By the end of construction, the staircase he had initially planned—with its traditional handrail profile and heavy, turned balusters—would no longer do. It had become obsolete before Brice could finish his dwelling. In 1773 he ordered it ripped out and replaced with what would become one of the most delicate Rococo staircases in town. The new flight of steps incorporated unadorned square balusters intended to reference the iron balusters increasingly used on European stone staircases. More unusual, though, was its handrail, which embodied the curvilinear, asymmetrical sensuality of Rococo forms in its delicate profile. That shape mimicked the Gothic designs promoted in pattern books but rarely created in the colonies except in a handful of Maryland buildings. The replacement of the railing cost an extraordinary amount: nearly 40 pounds sterling.
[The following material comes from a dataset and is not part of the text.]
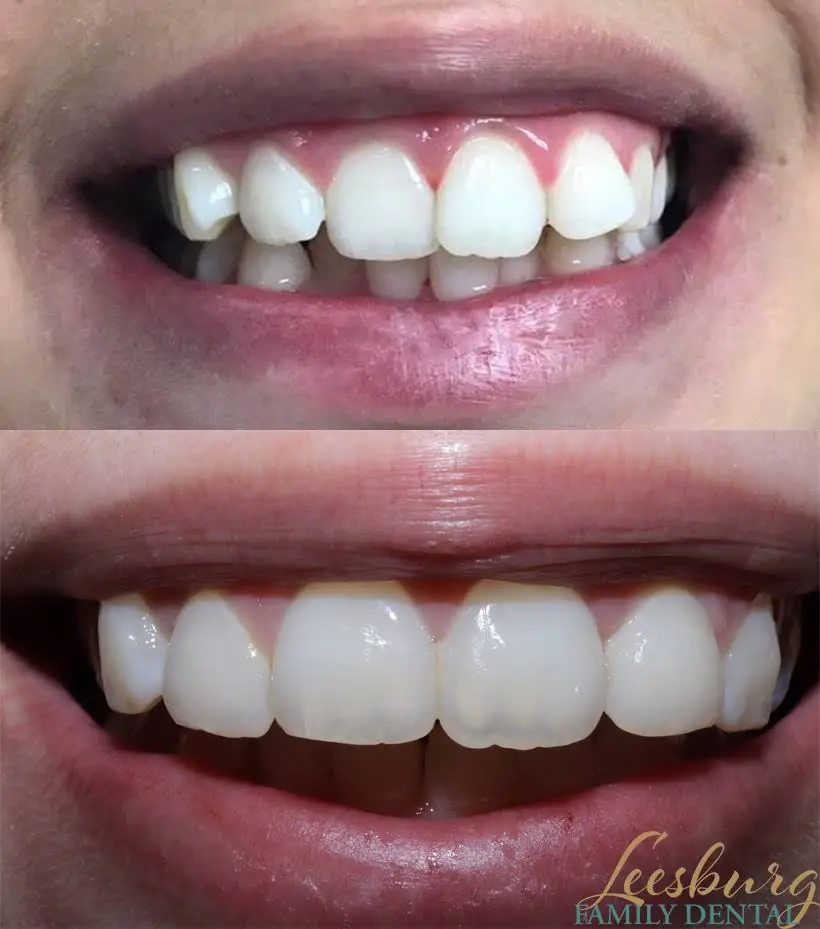 Leesburg Family Dental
The Brice heirs paid a heavy price for James' construction project, which certainly contributed to the severity of his debt upon his death. Yet his house served him well: its augustness placed him among the town's elite, and he could entertain his peers as grandly as anyone in town. The project worked, for like his father before him, he received political appointments in the years that followed: member of the Governor's Council; twice mayor of Annapolis; presidential elector; and, finally, acting governor for a brief two months. The extraordinary survival of both the labors of Brice's workmen and his accounting of their work gives historians rare insight into the evolving imagination of a young, ambitious builder at the end of the colonial era.
Willie Graham, the former curator of architecture at the Colonial Williamsburg Foundation, serves as the consulting architectural historian for the restoration of the James Brice House.